Karena buruknya jarak pandang, mereka yang kembali ke tempat peristirahatan di ketinggian 7.900 meter di atas permukaan laut tak siap untuk melakukan misi penyelamatan. Semua pendaki terlalu lelah dan paham bahwa jika mereka keluar di saat badai, akibatnya bisa fatal. Namun, seorang pria tetap mencoba hal itu. Anatoli Boukreev, seorang pemandu Rusia untuk ekspedisi Amerika, Mountain Madness, menyelamatkan tiga nyawa malam itu.

Turun Gunung

Sebagai seorang pendaki berpengalaman yang terlatih di era Soviet, Boukreev adalah salah satu dari dua pemandu yang disewa oleh pendaki AS Scott Fischer untuk ekspedisi komersial pertamanya pada 1996. “Akan ada Anatoli (Boukreev) bersama kita — tak ada pendaki yang lebih berpengalaman dan kuat daripada dia. Siapa yang akan tahu apa yang akan terjadi?” demikian kata Fischer ketika Boukreev bergabung dengan tim, menurus seorang koleganya (dari buku Boukreev The Climb)

Tahun itu, timnya merupakan salah satu dari beberapa ekspedisi yang mencoba mencapai puncak. Awalnya, semua berlangsung dengan baik: cuaca cukup bagus dan tak menunjukkan gejala memburuk. Boukreev lebih awal dari timnya, ia mencapai puncak sekitar pukul 1 siang, dan ia menunggu yang lain. Pada pukul 02.30 siang, hanya dua dari delapan pendaki yang sudah mencapai puncak. Khawatir dengan yang lain, Boukreev turun untuk mencari tahu apakah ada masalah di bawah.

Tepat di bawah puncak, Boukreev berpapasan dengan Rob Hall, kepala ekspedisi dari Selandia Baru, dan melewati empat klien pendakinya.
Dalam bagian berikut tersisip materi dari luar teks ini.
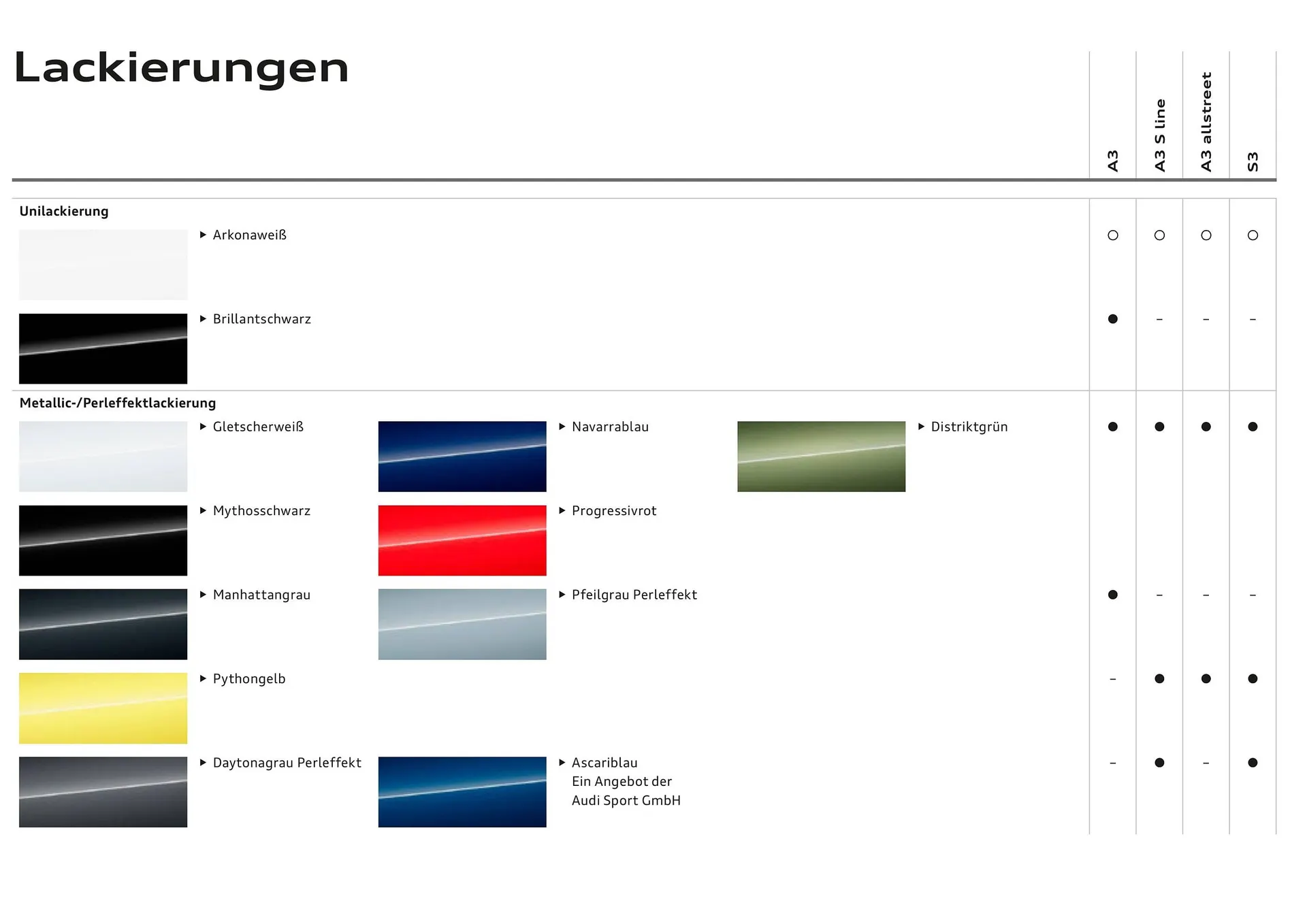 Audi Flugblatt von 20. November bis 22. Juli 2026 - Flugblätt seite  30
Scott Fischer pun terlihat baik-baik saja.

“Di atas Pijakan Hillary (batu penghalang yang tak jauh di bawah puncak) saya bertemu dan bicara dengan Scott Fischer, yang kelelahan, tapi dia bilang ia hanya sedikit tak enak badan. Tak ada tanda-tanda kesulitan meski saya mulai menduga bahwa pasokan oksigennya (yang digunakan untuk menghindari atau mengurangi efek hypoxia akut di dataran tinggi) sudah menipis,” kenang Boukreev.

“Saya bilang pada Scott bahwa pendakian sepertinya lamban, dan saya khawatir ketika turun mereka akan kehabisan oksigen sebelum kembali ke Camp IV (di 7.900 mdpl). Saya jelaskan bahwa saya ingin turun secepat mungkin ke Camp IV untuk menghangatkan diri dan mendapat pasokan minuman hangat dan oksigen kalau-kalau saya harus naik ke atas mendampingi pendaki. Scott, karena melihat Rob Hall di depannya, menyetujui rencana tersebut.”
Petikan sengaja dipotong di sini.